Critical Infrastructures (CIs) provide essential goods and services for modern society; they are highly integrated and have growing mutual dependencies. Recent natural events have shown that cascading failures of CIs have the potential for multiinfrastructure collapse and widespread societal and economic consequences. Moving toward a safer and more resilient society requires improved and standardized tools for hazard and risk assessment of extreme events, and their systematic application to whole classes of CIs. Among the most important assessment tools are the stress tests, designed to test the vulnerability and resilience of individual CIs and infrastructure systems in natural disasters.

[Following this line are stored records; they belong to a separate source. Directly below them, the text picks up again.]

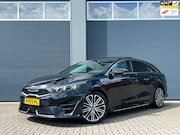 Kia ProCeed - 1.5 T-GDi GT-PlusLine|Pano|trekhaak|BTW|dealeronderhouden
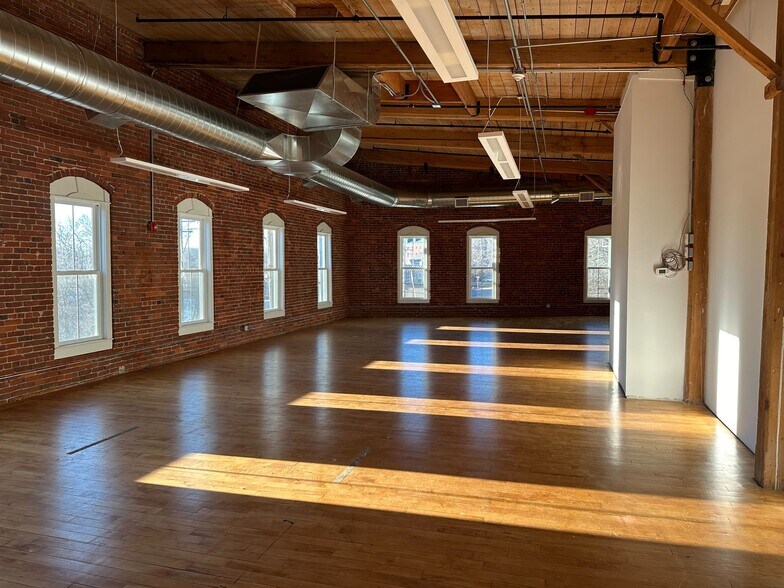 Primary Photo Of 77 Elm St, Amesbury Loft Creative Space For Lease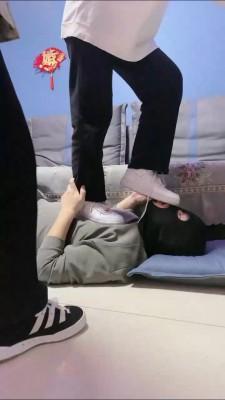 【精神小妹】双女神运动鞋棉袜踩虐 bf22970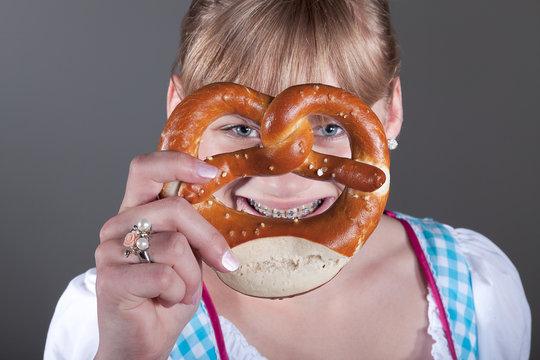 M&auml;dchen mit Zahnspange blickt durch Breze und lacht Portr&auml;t 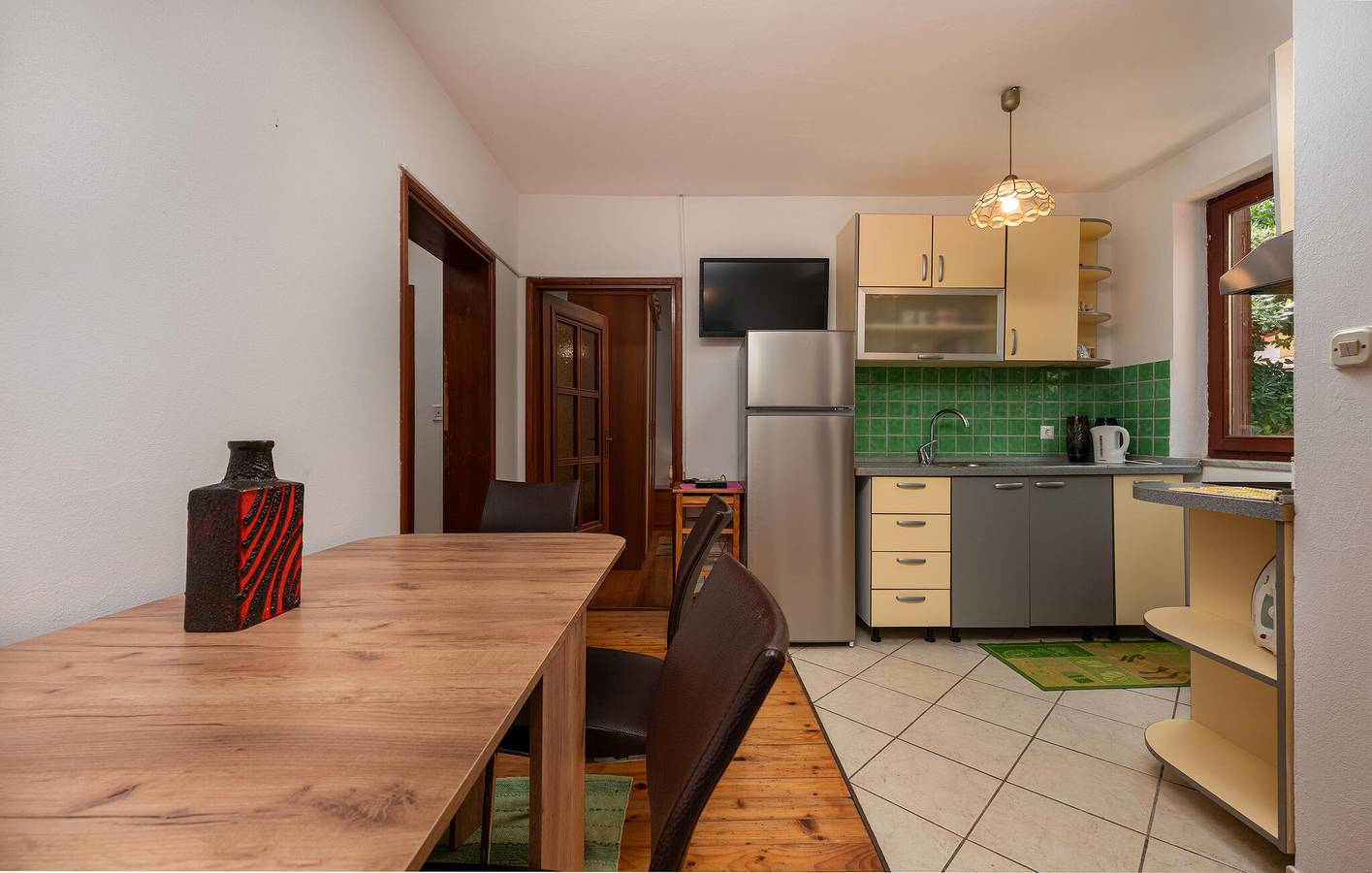Gemütlich, 1,5 km vom Strand entfernt: Modernes Apartment mit Terrasse und WLAN in Sveti Filip i Jakov, Općina Sveti Filip i Jakov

We present the main results of the STREST project regarding extreme event quantification with focus on extreme earthquakes and extreme earthquake consequences. We show that extremes result from the combination of stochastic, site-specific and/or explicit physical processes. The stochasticity of earthquake risk is represented by random phenomena (e.g., random earthquake clusters, spectral acceleration sigma) and model uncertainties. Site-specific aspects include geotechnical properties, near-source effects and ground shaking spatial correlations, which can locally increase the seismic risk. Finally, physical processes include maximum fault rupture propagation, earthquake interactions (i.e., aftershocks) and associated vulnerability changes, inter-hazard interactions (e.g., tsunamis, landslides), natech interactions (i.e., domino effects within the CI system following an earthquake), and additional CI interactions. Combination of all these processes tends to yield more extremes (fattening the risk curve) based upon which the CI stress test is made. The different steps of the STREST stress test method are presented in a companion paper.